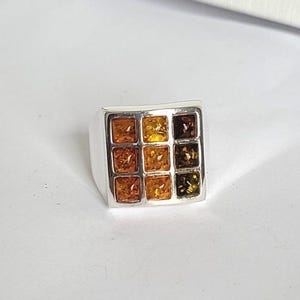 Vintage Boho Green Yellow Orange Amber Crystal Sterling Silver Chunky Ring 9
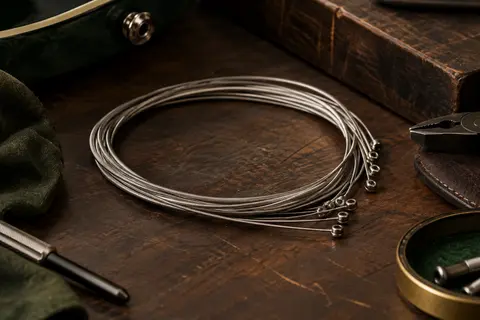 Cordes métalliques pour guitare électrique disposées sur un établi en bois sombre, avec leurs détails de bobinage visibles.
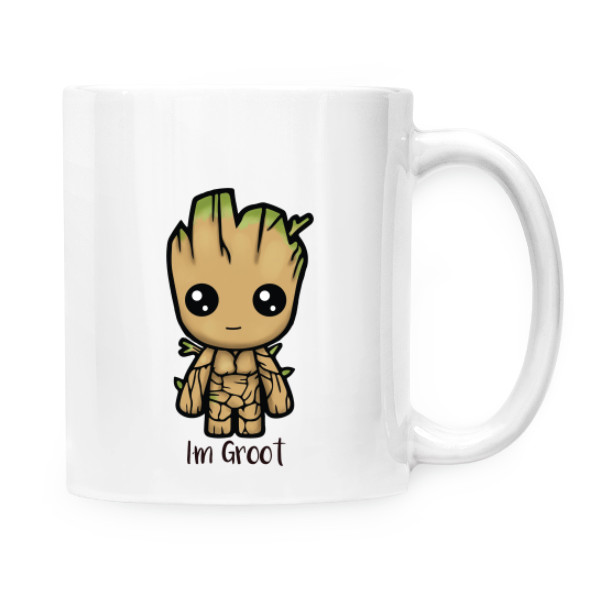 Hrnek malý bílý s potiskem Hrnek I´m Groot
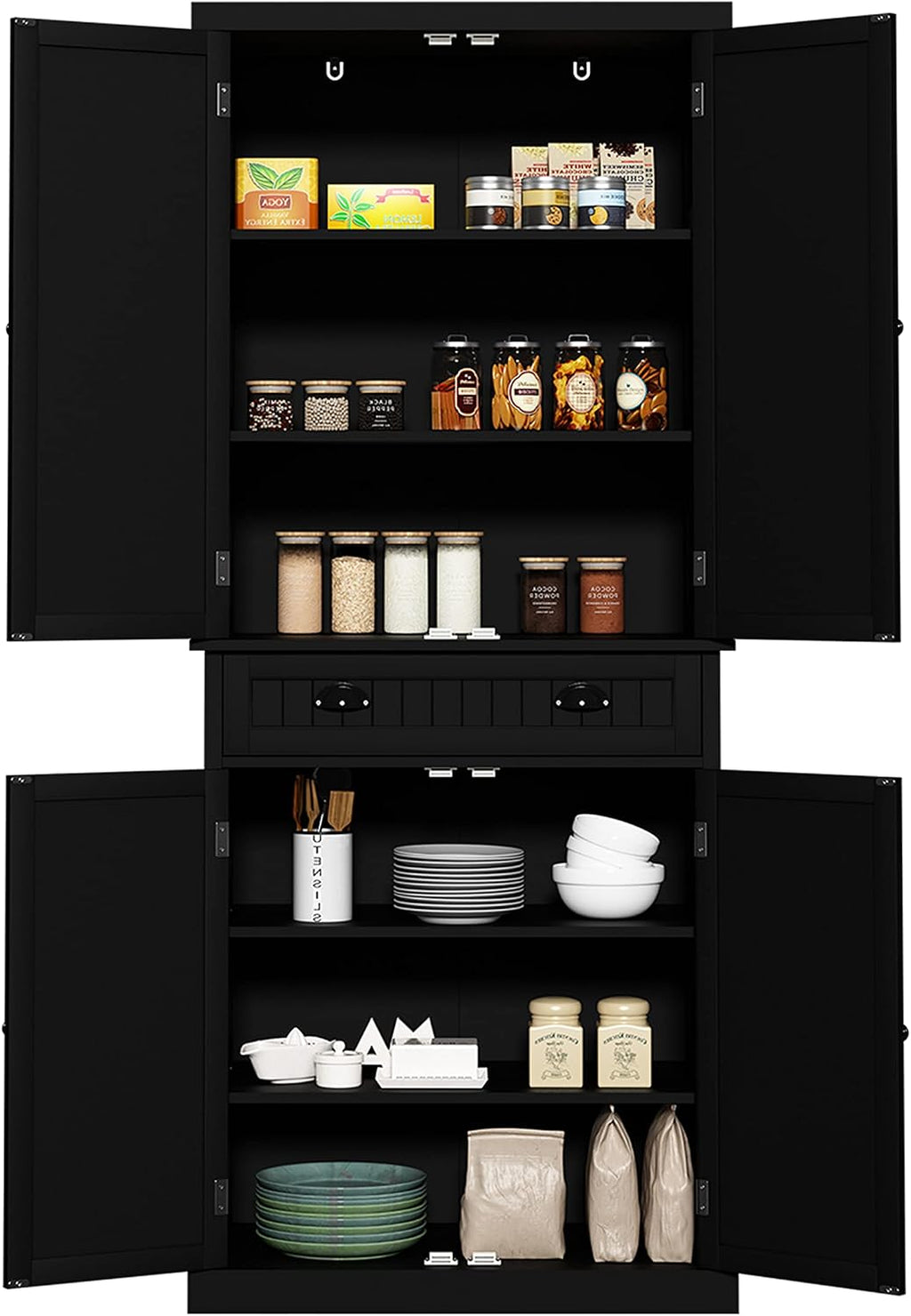 HLR 72" Kitchen Pantry Storage Cabinet, Freestanding Larder Cupboard with Doors and Adjustable Shelves, Pantry Cabinet for Dining Room, Living Room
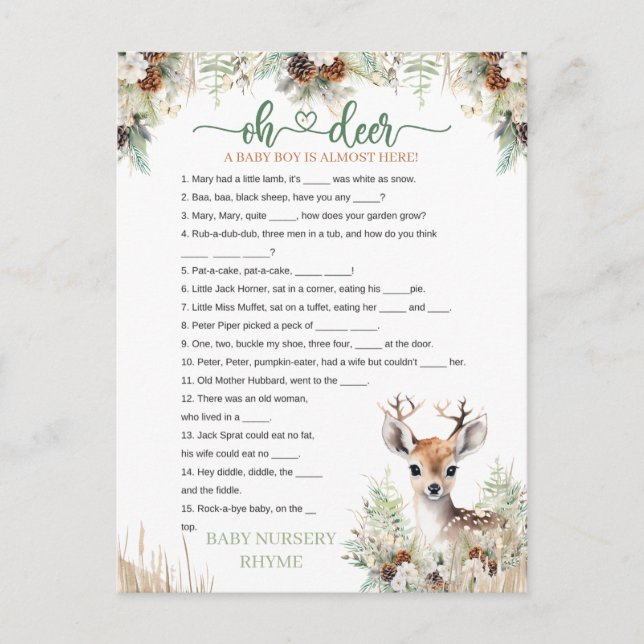 Carte Postale Woodland Deer Baby shower Jeu de garçon (Devant)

# # #

- TASK ITEM: What is needed is an exact copy of the lines from the one containing "Hrnek malý bílý s potiskem Hrnek I´m Groot" through the last line of the records, with every picture left out.

- ANSWER BOX:
 Hrnek malý bílý s potiskem Hrnek I´m Groot
 HLR 72" Kitchen Pantry Storage Cabinet, Freestanding Larder Cupboard with Doors and Adjustable Shelves, Pantry Cabinet for Dining Room, Living Room
 Carte Postale Woodland Deer Baby shower Jeu de garçon (Devant)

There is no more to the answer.